Data masking with dbatools
Table of Contents
Recently I developed a few PowerShell commands to make it possible to enable data masking for databases.
The commands were originally written for the module PSDatabaseClone to enable users to automatically mask the data for a database image.
The reason the commands were created was that the cloning process would otherwise expose production data to other users which is not preferable.
The commands were released and picked up by Chrissy LeMaire who implemented them in dbatools and even improved them.
I decided that because the PSDatabaseClone module already relied on dbatools, I would remove the original command from my module and map to the command in the dbatools version.
Why are these commands created⌗
There are various pieces of software available that offer functionality to mask data in a database like DataVeil, DataMasker and JumbleDB.
I have no experience with these products but looking at the features they seem to do the job.
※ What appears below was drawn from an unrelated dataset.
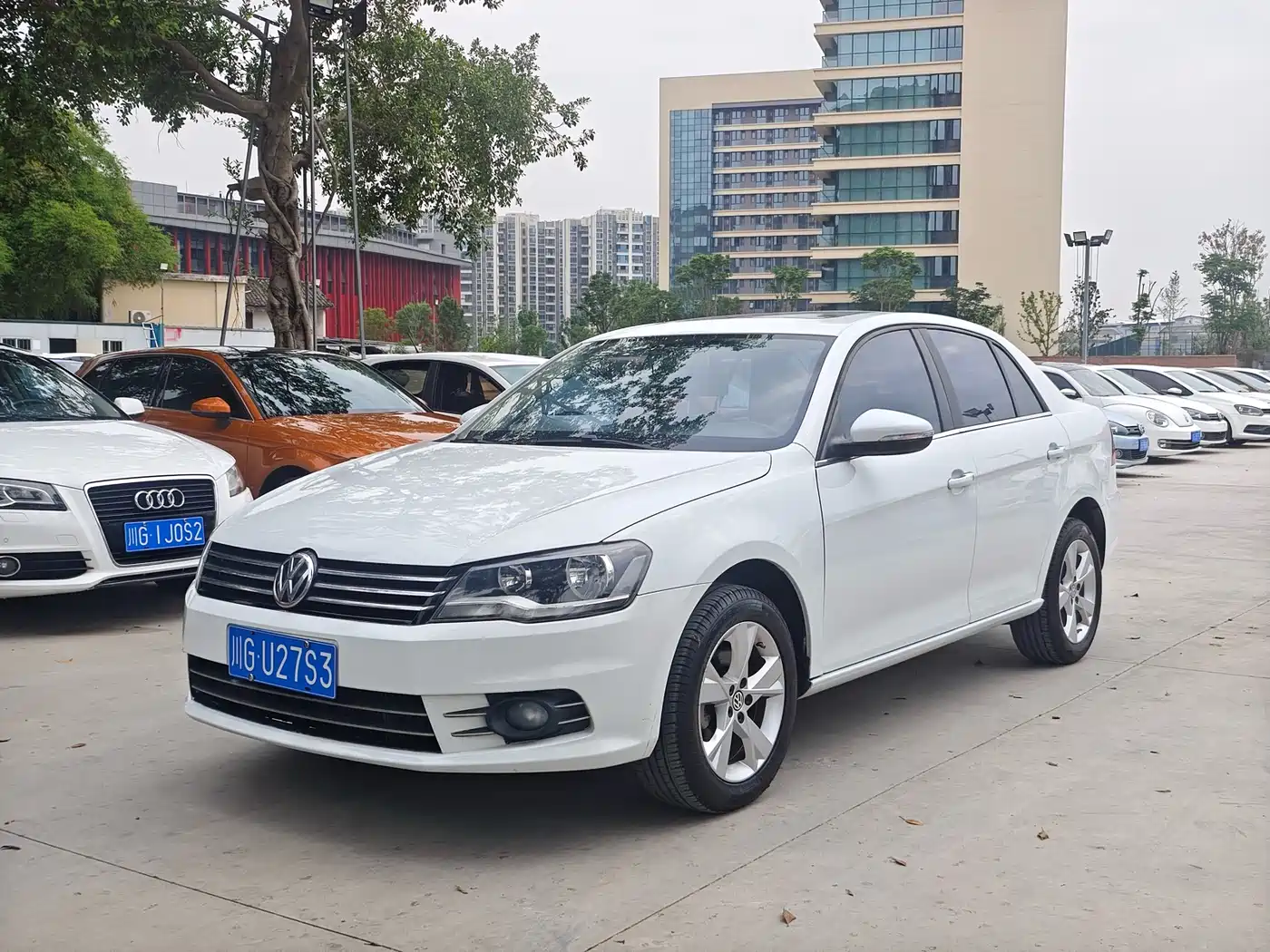 Volkswagen Bora 2014 1.6L Automatic Comfort Edition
Relying on the features of a commercial product was not an option because the PSDatabaseClone module is open-source. Most of the products do not allow the use of their code within other software.
I wanted to make this process as straightforward as possible. One command generates a configuration file on how the masking should be executed. Another command to execute the data masking.
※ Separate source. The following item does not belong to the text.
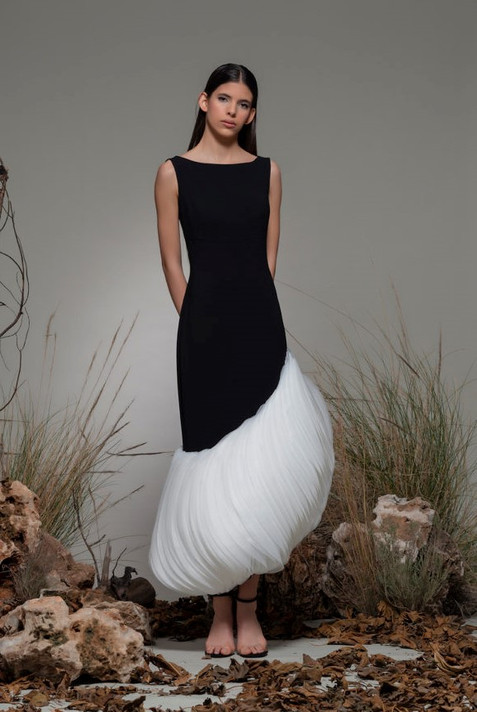 Barbarano Sleeveless Gown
If a user created an image he/she would have the chance also ask for the data within the image. That way a user would be able to create a clone from that image never exposing production data to the world.
Generating a configuration file⌗
The first thing I had to think of was the data structure to save information about the tables and columns.
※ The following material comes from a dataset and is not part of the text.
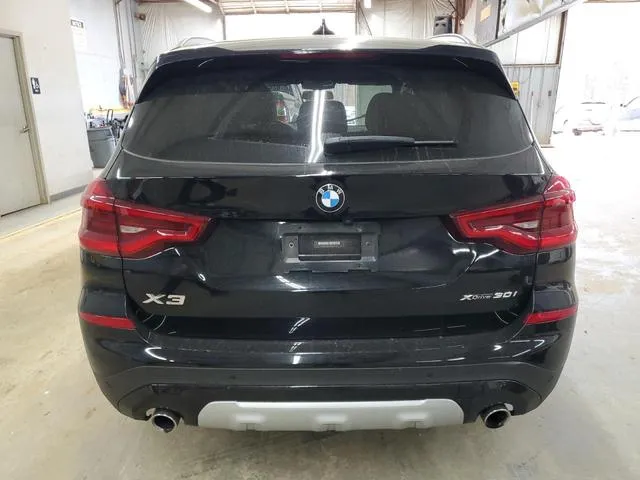 5UXTY5C04M9G09836 2021 2021 BMW X3- Xdrive30I 6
Important information like the name, schema, column type, minimum value, maximum value, and the masking type and subtype.
I’m a fan of JSON to create data structures in text files. It’s easy to read and works well with various systems. PowerShell is one of those systems.
The first command will generate the masking configuration file containing all the tables and columns that should be masked. I wanted the command to be able to distinguish certain column names to associate them with a particular way to generate random data.
For that, I created a file that contained all the synonyms. For example, the command would be able to find columns with first names if the column name would be something like “Firstname” or “Forename”.
If it didn’t find the name of the column in the synonym list, it would then look at the data type and based on that decide what kind of data masking type should be applied. It was renamed to New-DbaDbMaskingConfig in dbatools.
Executing it will result in a similar output as below
New-DbaDbMaskingConfig -SqlInstance [yourinstance] -Database [yourdatabase] -Path [directory-to-export-to]
Your file will be written to the directory you chose. It will have the instance name and the database in the file name below
The content of the file will look similar to this
This made things a lot easier for users to create the initial configuration.
Without this command, it would take a lot of time to create the masking configuration which would also be subject to errors.
The second command is to use this content and execute the actual masking.
Masking the data⌗
The next command ended up taking some more research than I first expected. I had to figure out how to generate random data like names, streets, zip codes, e-mail addresses, and credit cards. The columns could have some sensitive information.
At first, I wanted to create my library to generate different types of random data. Fortunately, there were several projects out there that can help with this so I would not have to reinvent the wheel. During the process, I tried out several of these libraries like Fare and Bogus.
In the end, I chose Bogus which had a wide variety of items that could be generated and worked well how I thought this process could be implemented.
The command would rely on the masking configuration and based on that data perform the data masks. It will load the configuration file and look through each of the tables and columns.
With each column, the command will execute a certain masking action based on the masking type and sub-type. During the look, the command generates an UPDATE statement that will change the value to the new value.
After all the updates have been performed the command returns an overview of the performed actions. It will look similar to the window below
Invoke-DbaDbDataMasking -SqlInstance [yourinstance] -Database [yourdatabase] -FilePath [path-to-masking-config]
The result can be seen below
You’ll have a database with the data masked precisely as you requested.